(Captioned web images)
-------------------------

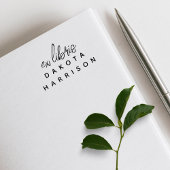 Simple Modern Custom Name Script Ex Libris Rubberstempel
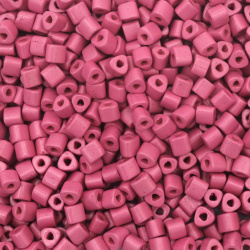 Czech Beads PRECIOSA Triangles / 7x6 mm, Triangular Hole: 2 mm, Opaque Pink Color - 15 grams ~ 38 pieces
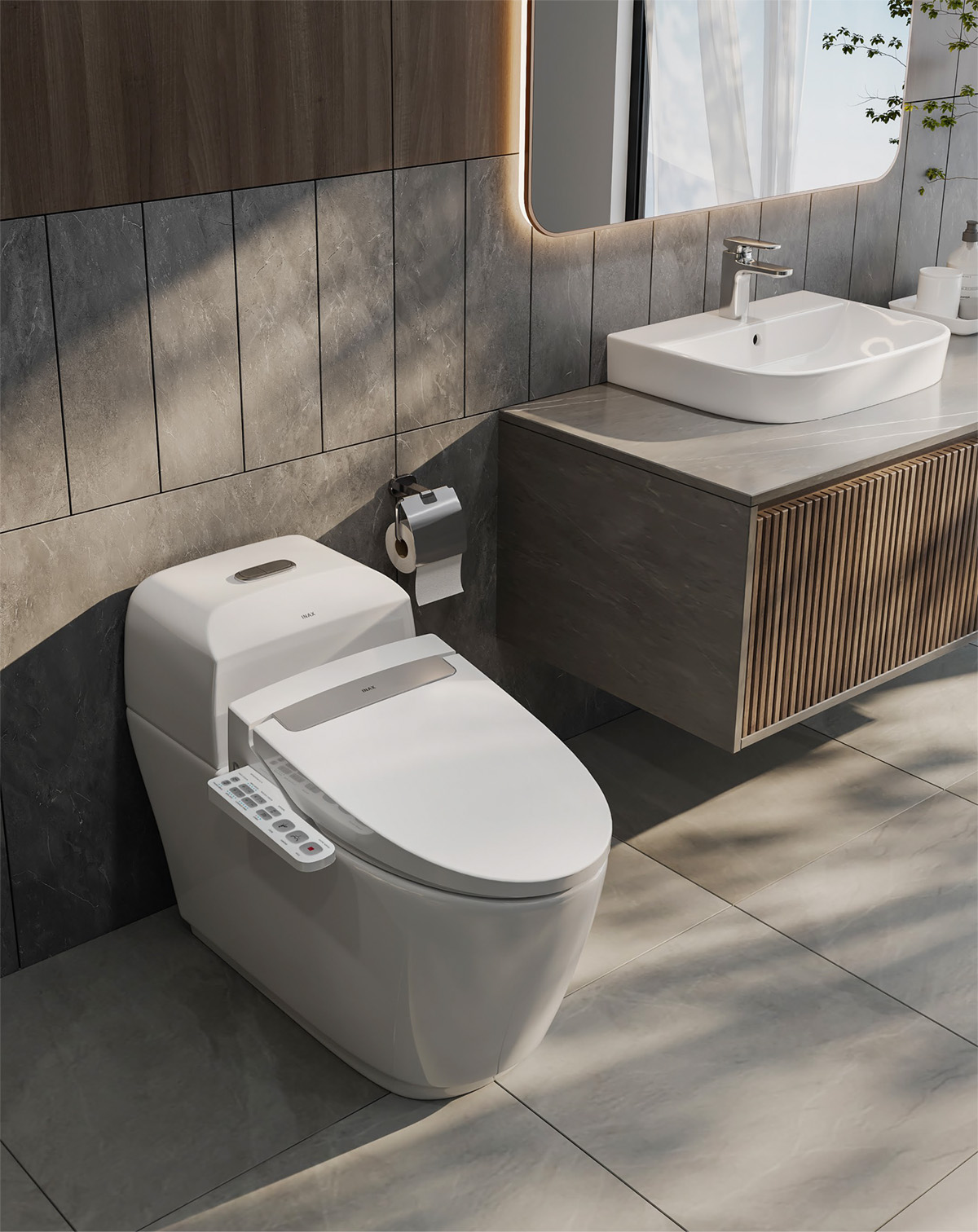 Nắp rửa điện tử INAX CW-H20VN (CWH20VN) CW-H20VN/BW1 - 2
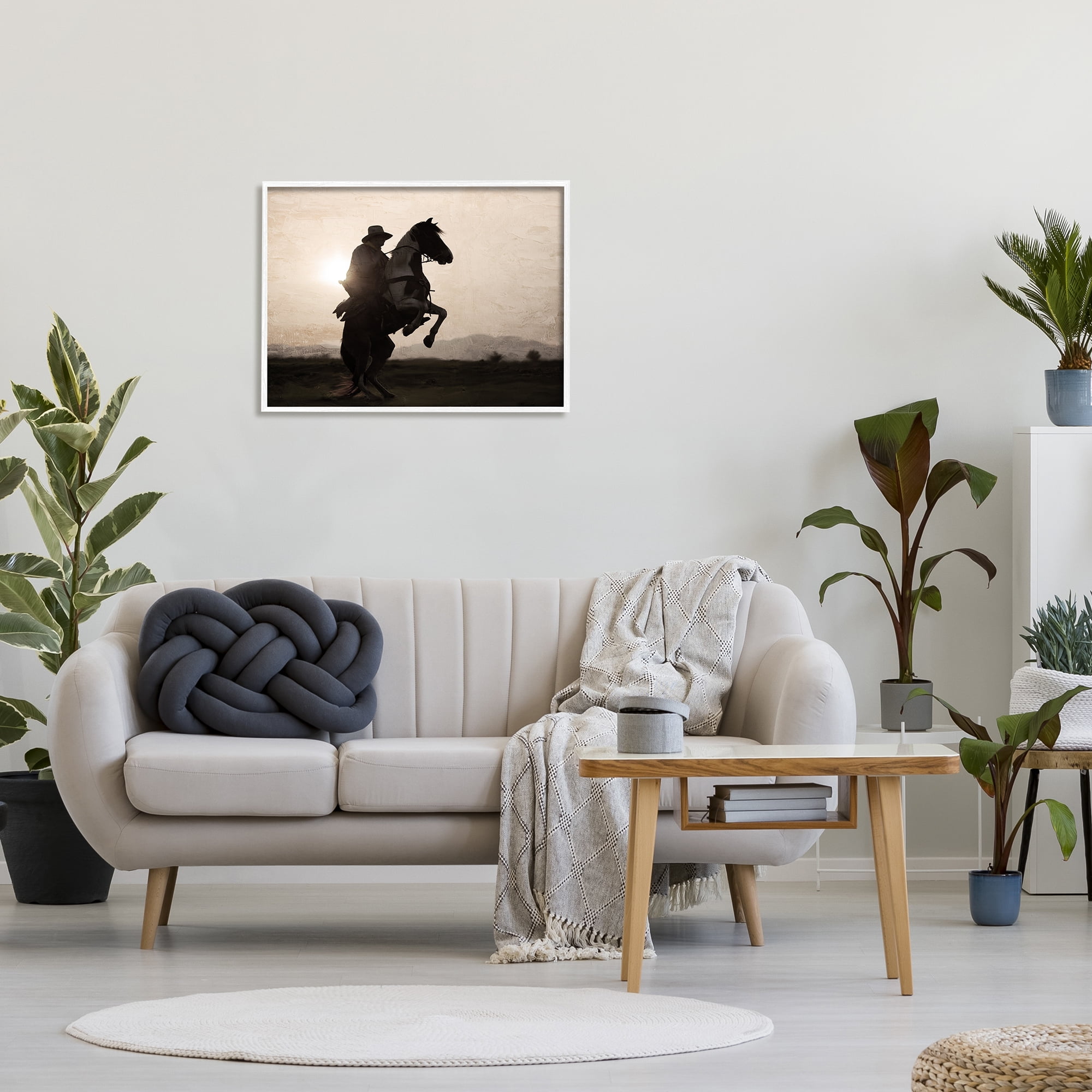 Stupell Industries Cowboy & Rearing Horse Animals & Insects Photography White Framed Art Print Wall Art, 30 x 24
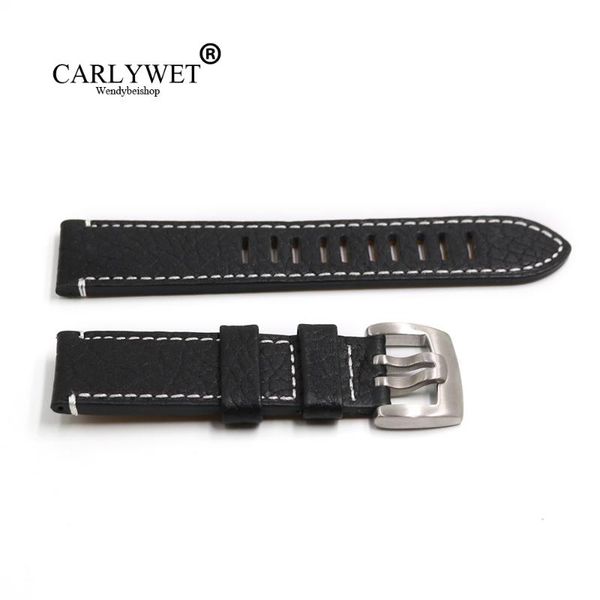 

watch bands carlywet 23mm wholesale real leather black handmade thick vintage wrist band strap belt with double tongue pin buckle, Black;brown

-------------------------

WHAT TO WORK ON
When you return the records, keep every word unchanged and drop the pictures.

EXERCISE RESPONSE
 Simple Modern Custom Name Script Ex Libris Rubberstempel
 Czech Beads PRECIOSA Triangles / 7x6 mm, Triangular Hole: 2 mm, Opaque Pink Color - 15 grams ~ 38 pieces
 Nắp rửa điện tử INAX CW-H20VN (CWH20VN) CW-H20VN/BW1 - 2
 Stupell Industries Cowboy & Rearing Horse Animals & Insects Photography White Framed Art Print Wall Art, 30 x 24

watch bands carlywet 23mm wholesale real leather black handmade thick vintage wrist band strap belt with double tongue pin buckle, Black;brown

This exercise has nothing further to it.